### [Exercise material]
⁂
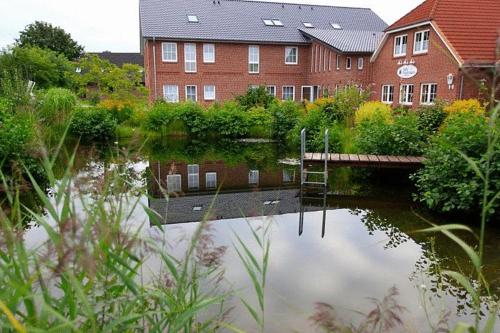 a body of water with a bridge and a building at Landhotel Möllhagen in Schülp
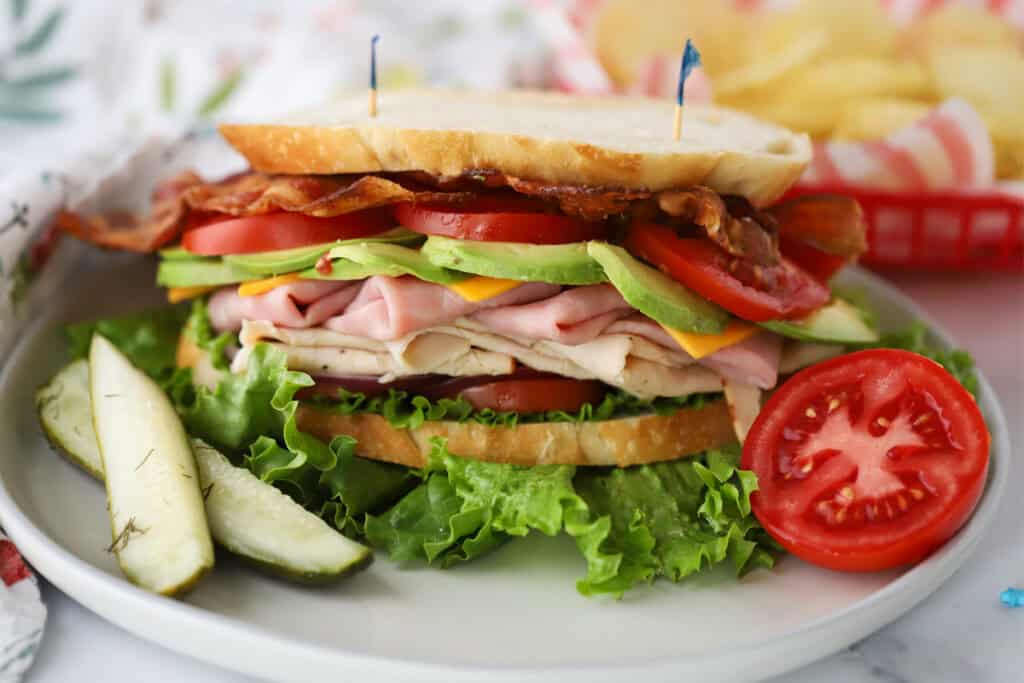 A plate with a turkey club sandwich and a side of pickles.
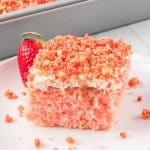 A slice of pink cake on a plate.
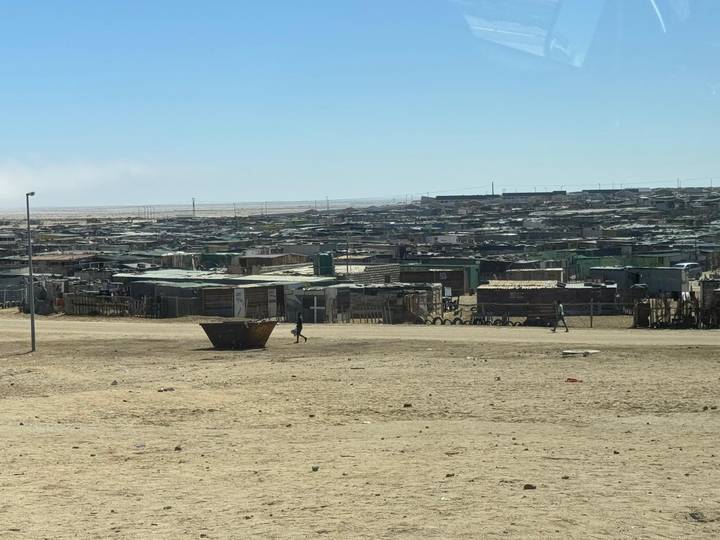 Expansive view of a dusty shanty settlement on barren desert outskirts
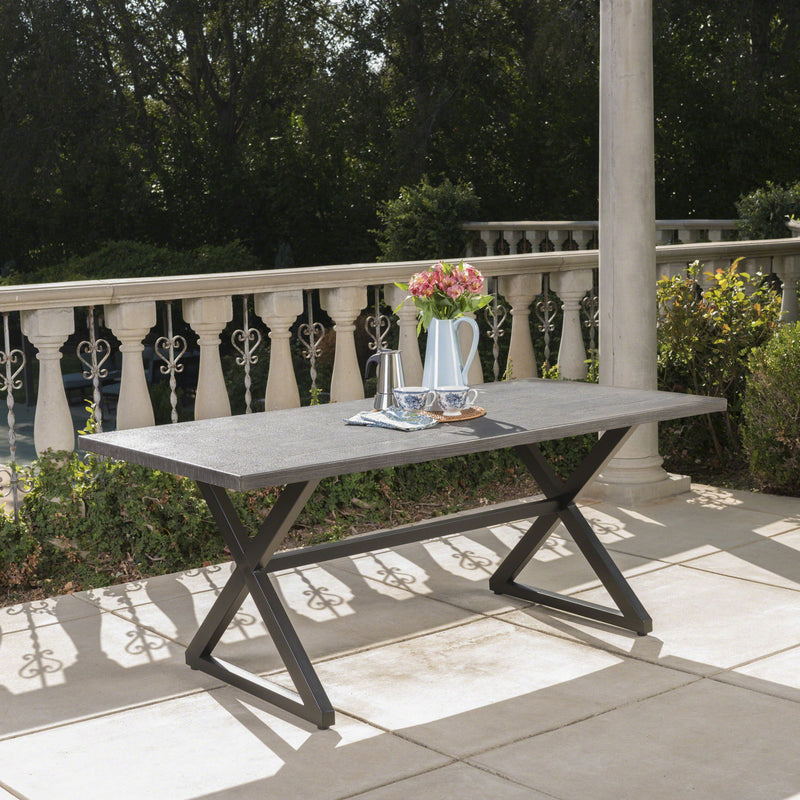 Outdoor aluminum dining table with steel frame by Noble House, featuring a sleek design for outdoor patio or garden use.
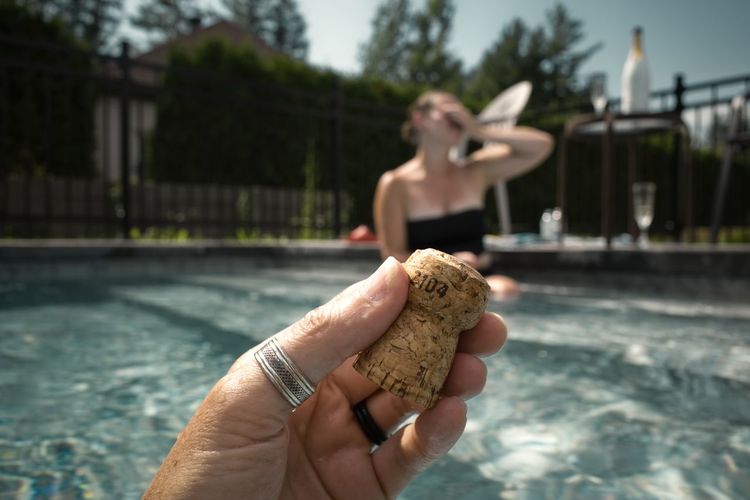 Midsection of man holding ice cream in swimming pool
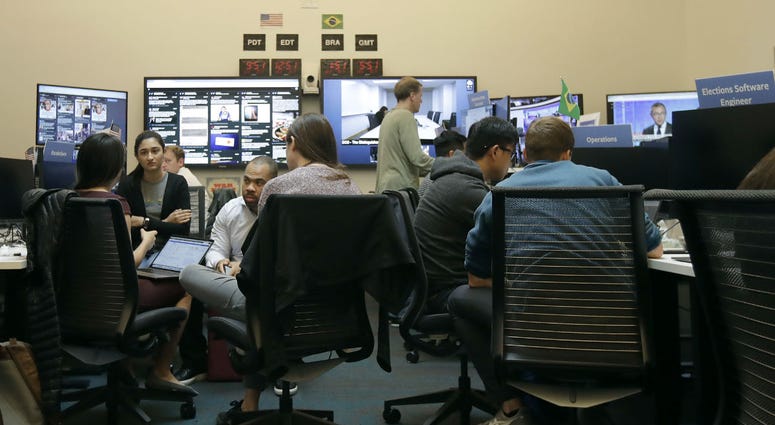 Workers gather and sit and their desks during a demonstration in the war room, where Facebook monitors election related content on the platform, in Menlo Park, Calif., Wednesday, Oct. 17, 2018. Workers gather and sit and their desks during a demonstration in the war room, where Facebook monitors election related content on the platform, in Menlo Park, Calif., Wednesday, Oct. 17, 2018.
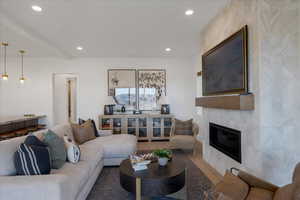 Living area with tile walls, a tiled fireplace, recessed lighting, and wood finished floors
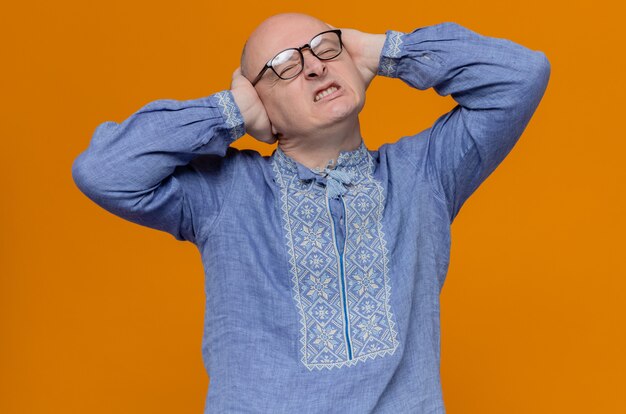 Homme adulte mécontent en chemise bleue et avec des lunettes fermant ses oreilles avec les mains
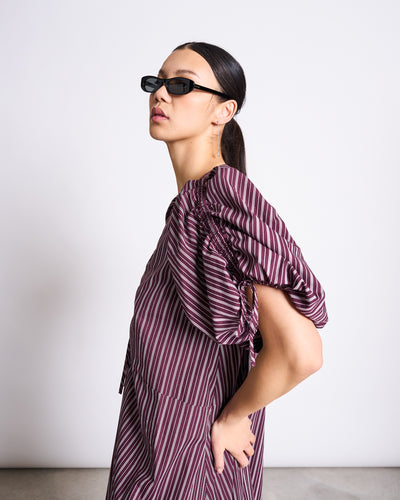 A woman in dark sunglasses wears the jan-n-june MAXI DRESS DANS CHERRY LACQUER WHITE, featuring maroon and white vertical stripes, as she stands in profile against a plain light background with her hair pulled back.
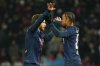 PSG's Bradley Barcola, right, celebrates with teammate Khvicha Kvaratskhelia after scoring his side's third goal during the French League One soccer match between Paris Saint Germain and Le Havre in Paris, France, Saturday, Nov. 22, 2025. (AP Photo/Aurelien Morissard)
⁂
### [About this task]
Give again, exactly as written above, each line from the one that has "A plate with" to the one that has "Outdoor aluminum dining", both included; omit the pictures.

### [Your response]
 A plate with a turkey club sandwich and a side of pickles.
 A slice of pink cake on a plate.
 Expansive view of a dusty shanty settlement on barren desert outskirts
 Outdoor aluminum dining table with steel frame by Noble House, featuring a sleek design for outdoor patio or garden use.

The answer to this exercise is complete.